▶ What is being asked
Quote the material exactly from the line that contains "this 320×240 image." through its last line. Any pictures are to be left out.

▶ Data shown

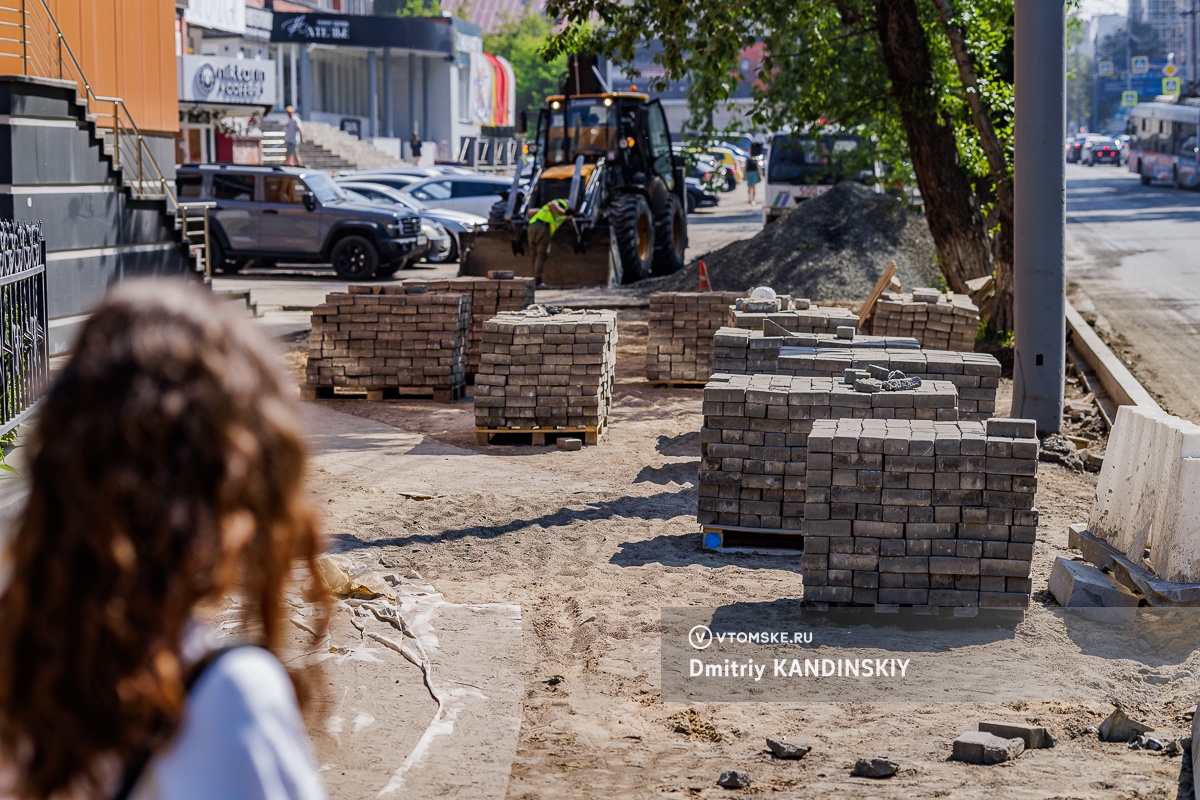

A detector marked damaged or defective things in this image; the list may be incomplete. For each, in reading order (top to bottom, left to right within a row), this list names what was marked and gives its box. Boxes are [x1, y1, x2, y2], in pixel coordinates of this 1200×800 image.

broken concrete slab [1046, 556, 1137, 606]
broken concrete slab [768, 743, 816, 762]
broken concrete slab [955, 734, 1022, 762]
broken concrete slab [979, 719, 1056, 753]
broken concrete slab [1099, 705, 1152, 743]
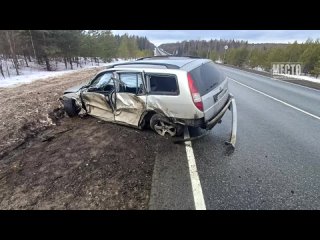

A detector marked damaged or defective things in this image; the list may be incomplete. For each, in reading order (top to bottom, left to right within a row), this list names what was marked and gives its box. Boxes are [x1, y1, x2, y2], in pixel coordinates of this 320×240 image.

detached wheel [62, 98, 80, 117]
damaged silver wagon [60, 56, 236, 146]
detached wheel [149, 114, 182, 137]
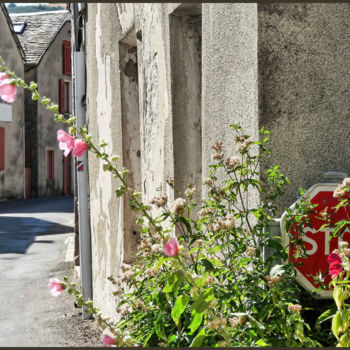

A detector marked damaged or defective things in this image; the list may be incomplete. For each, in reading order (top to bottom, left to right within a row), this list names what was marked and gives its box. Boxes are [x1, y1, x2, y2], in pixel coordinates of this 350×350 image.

peeling paint wall [0, 8, 25, 198]
peeling paint wall [35, 21, 72, 197]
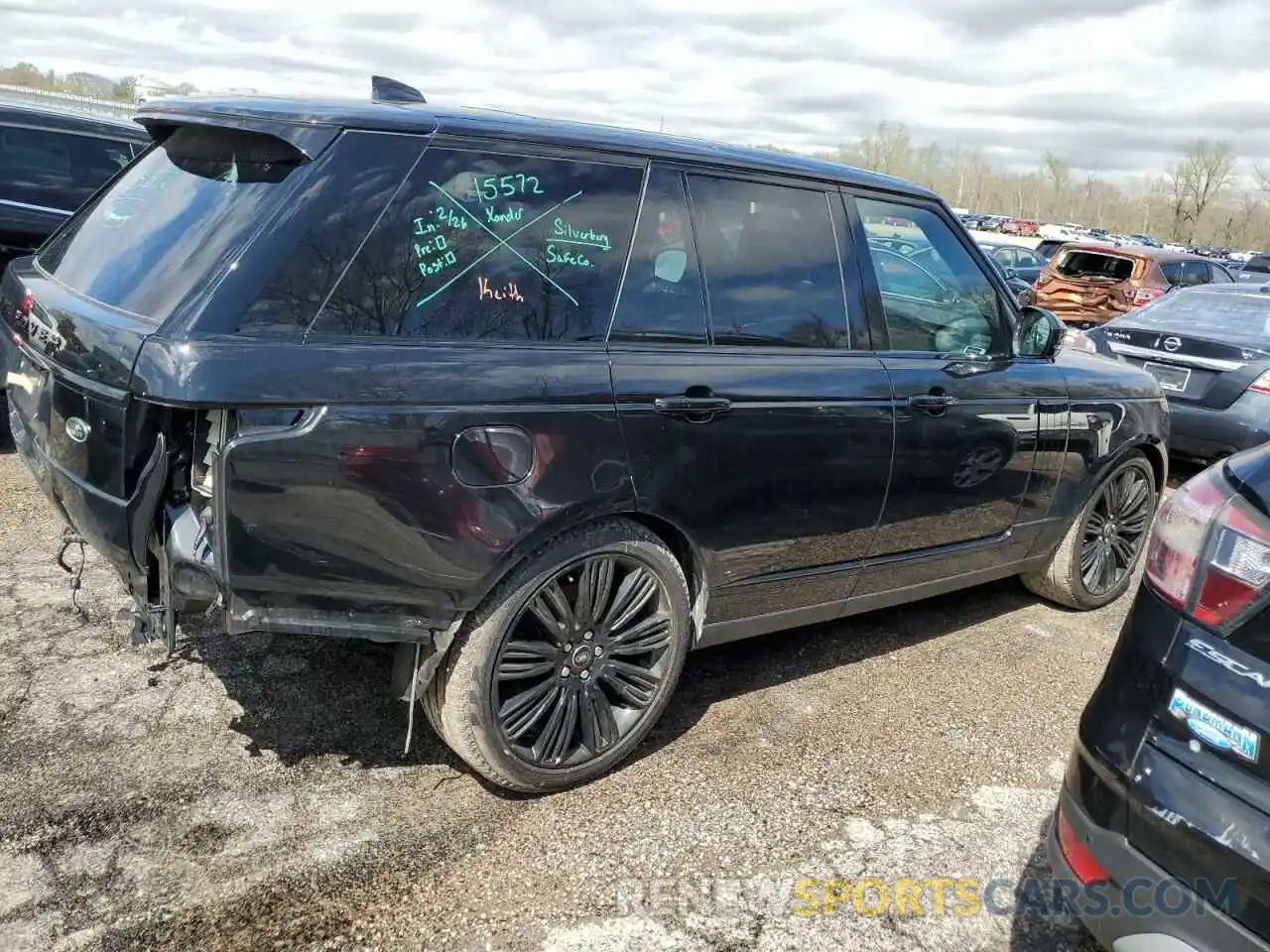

▶ Result of the exercise
A detector marked damaged or defective things in this image; the list may be incomplete. For each, in reading order (top to bottom, left to right within a row), this list names what was marked and gives its box. Boxes are [x1, y1, x2, y2], in pixel coordinates of this 320×240 image.

detached wheel [62, 98, 80, 117]
damaged silver wagon [60, 56, 236, 146]
detached wheel [149, 114, 182, 137]

A detector marked damaged or defective things in this image; the list may be incomplete. For each, in reading order (top to bottom, left to right within a row), this list names what was marked and gives its box. Boxes are [x1, y1, x2, y2], in pixel coordinates of this 350×350 image.

peeling paint wall [0, 8, 25, 198]
peeling paint wall [35, 21, 72, 197]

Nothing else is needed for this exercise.